*Problem details*. In the records that follow, find each line with the word "More" and copy it.

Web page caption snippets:
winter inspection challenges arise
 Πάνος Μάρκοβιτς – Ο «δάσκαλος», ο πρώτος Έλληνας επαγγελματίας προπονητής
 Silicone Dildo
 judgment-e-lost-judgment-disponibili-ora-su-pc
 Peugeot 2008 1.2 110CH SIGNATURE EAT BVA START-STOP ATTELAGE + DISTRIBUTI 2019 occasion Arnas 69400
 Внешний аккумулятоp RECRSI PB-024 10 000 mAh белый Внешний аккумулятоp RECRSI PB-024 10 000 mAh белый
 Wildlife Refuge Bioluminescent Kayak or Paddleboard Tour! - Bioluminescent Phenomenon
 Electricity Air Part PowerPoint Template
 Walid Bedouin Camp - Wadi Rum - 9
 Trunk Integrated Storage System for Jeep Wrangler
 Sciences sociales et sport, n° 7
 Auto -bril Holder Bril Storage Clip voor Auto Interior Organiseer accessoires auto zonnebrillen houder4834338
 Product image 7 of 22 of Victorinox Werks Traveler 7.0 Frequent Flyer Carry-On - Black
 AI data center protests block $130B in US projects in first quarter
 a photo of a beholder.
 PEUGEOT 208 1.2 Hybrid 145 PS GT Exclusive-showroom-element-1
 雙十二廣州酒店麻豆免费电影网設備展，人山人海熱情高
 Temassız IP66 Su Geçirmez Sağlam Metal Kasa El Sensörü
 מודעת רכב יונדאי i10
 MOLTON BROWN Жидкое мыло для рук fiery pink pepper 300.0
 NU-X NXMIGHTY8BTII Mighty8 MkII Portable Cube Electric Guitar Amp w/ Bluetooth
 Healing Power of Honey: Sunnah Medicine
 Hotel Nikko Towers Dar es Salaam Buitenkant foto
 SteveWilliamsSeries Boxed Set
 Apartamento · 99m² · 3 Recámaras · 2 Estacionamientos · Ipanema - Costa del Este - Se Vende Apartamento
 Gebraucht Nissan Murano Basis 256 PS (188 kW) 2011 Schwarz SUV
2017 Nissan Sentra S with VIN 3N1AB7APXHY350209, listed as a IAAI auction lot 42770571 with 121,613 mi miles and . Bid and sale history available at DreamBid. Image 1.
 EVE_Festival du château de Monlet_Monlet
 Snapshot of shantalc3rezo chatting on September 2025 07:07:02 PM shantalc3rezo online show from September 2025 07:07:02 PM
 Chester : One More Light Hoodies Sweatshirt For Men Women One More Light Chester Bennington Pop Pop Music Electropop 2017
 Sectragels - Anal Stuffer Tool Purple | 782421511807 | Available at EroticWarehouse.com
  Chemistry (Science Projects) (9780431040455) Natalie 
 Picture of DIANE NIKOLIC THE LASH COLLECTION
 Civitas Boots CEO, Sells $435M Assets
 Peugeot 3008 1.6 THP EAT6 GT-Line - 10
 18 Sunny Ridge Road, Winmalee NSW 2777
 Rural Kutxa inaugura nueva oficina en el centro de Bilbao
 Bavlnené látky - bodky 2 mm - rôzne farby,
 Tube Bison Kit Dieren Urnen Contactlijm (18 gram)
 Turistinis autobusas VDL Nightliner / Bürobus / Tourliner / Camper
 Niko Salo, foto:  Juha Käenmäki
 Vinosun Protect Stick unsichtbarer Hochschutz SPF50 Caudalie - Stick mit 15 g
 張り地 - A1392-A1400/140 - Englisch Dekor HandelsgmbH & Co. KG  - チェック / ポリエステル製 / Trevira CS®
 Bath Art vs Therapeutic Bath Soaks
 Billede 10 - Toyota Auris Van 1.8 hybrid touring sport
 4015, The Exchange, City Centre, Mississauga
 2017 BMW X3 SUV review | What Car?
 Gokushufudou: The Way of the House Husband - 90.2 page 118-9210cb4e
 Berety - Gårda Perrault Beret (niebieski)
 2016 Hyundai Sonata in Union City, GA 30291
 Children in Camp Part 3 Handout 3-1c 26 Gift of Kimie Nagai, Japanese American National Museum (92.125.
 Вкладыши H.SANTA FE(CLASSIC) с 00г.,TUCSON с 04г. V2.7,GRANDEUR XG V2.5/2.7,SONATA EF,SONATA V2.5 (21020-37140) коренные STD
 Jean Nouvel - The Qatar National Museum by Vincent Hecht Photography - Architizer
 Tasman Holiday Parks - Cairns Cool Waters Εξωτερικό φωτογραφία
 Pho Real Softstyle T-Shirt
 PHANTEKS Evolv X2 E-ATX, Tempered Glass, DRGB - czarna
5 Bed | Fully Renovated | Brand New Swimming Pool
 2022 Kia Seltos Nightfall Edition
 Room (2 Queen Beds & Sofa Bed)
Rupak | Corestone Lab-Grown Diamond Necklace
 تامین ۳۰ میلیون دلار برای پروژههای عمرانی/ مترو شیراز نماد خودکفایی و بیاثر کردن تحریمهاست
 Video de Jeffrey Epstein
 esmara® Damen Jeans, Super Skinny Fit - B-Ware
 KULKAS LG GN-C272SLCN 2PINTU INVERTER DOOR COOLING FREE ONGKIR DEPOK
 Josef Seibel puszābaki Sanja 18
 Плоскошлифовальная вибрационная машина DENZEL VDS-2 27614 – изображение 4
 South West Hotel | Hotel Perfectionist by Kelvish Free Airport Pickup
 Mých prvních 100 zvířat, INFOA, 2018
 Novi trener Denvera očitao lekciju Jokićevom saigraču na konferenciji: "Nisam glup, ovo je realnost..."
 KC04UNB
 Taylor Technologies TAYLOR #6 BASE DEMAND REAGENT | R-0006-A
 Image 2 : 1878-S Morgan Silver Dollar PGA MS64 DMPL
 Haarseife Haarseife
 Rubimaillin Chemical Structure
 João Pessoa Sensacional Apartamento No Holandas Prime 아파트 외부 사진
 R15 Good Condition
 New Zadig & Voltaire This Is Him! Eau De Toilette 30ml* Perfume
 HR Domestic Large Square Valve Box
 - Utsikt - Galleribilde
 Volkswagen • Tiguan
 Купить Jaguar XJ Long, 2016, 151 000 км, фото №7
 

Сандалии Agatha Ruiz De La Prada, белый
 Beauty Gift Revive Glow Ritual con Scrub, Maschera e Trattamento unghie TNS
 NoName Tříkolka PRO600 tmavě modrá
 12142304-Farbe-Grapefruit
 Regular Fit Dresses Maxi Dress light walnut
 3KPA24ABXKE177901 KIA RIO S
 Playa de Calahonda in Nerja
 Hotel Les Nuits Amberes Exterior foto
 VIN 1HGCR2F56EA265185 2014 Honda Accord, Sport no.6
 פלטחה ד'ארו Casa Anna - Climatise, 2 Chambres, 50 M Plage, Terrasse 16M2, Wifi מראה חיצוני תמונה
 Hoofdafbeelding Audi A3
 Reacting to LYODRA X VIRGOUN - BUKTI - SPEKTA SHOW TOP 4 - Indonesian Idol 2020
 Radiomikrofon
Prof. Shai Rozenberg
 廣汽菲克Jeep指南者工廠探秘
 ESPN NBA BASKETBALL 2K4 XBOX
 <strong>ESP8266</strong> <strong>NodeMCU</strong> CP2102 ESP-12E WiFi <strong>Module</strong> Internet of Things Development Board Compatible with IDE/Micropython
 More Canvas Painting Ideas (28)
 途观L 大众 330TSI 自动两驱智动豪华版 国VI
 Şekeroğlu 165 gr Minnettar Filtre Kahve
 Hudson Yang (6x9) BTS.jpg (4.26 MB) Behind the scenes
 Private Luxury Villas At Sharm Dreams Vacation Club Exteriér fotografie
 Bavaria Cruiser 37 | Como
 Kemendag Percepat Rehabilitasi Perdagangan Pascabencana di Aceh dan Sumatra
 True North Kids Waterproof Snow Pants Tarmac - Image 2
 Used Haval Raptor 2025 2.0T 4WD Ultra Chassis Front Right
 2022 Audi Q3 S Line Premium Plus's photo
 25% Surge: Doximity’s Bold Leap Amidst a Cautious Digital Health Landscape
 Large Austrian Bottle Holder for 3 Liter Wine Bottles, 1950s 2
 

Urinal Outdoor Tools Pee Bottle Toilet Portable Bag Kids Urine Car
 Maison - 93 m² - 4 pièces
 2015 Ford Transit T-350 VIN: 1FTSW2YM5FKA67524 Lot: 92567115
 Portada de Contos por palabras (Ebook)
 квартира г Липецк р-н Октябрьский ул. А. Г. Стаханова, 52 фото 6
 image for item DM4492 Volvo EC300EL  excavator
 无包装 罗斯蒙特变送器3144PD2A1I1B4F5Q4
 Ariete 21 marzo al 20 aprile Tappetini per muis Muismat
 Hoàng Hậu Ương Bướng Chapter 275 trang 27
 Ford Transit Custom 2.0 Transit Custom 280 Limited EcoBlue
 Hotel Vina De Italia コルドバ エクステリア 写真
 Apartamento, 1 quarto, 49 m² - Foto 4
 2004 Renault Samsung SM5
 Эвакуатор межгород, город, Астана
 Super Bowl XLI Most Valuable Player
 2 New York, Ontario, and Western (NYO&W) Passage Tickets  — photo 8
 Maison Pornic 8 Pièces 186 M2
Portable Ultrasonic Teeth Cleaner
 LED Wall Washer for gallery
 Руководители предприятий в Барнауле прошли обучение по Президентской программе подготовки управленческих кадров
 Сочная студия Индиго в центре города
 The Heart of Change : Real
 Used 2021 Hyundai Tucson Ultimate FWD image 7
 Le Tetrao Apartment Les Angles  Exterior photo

*Solved exercise*.
 Chester : One More Light Hoodies Sweatshirt For Men Women One More Light Chester Bennington Pop Pop Music Electropop 2017
 More Canvas Painting Ideas (28)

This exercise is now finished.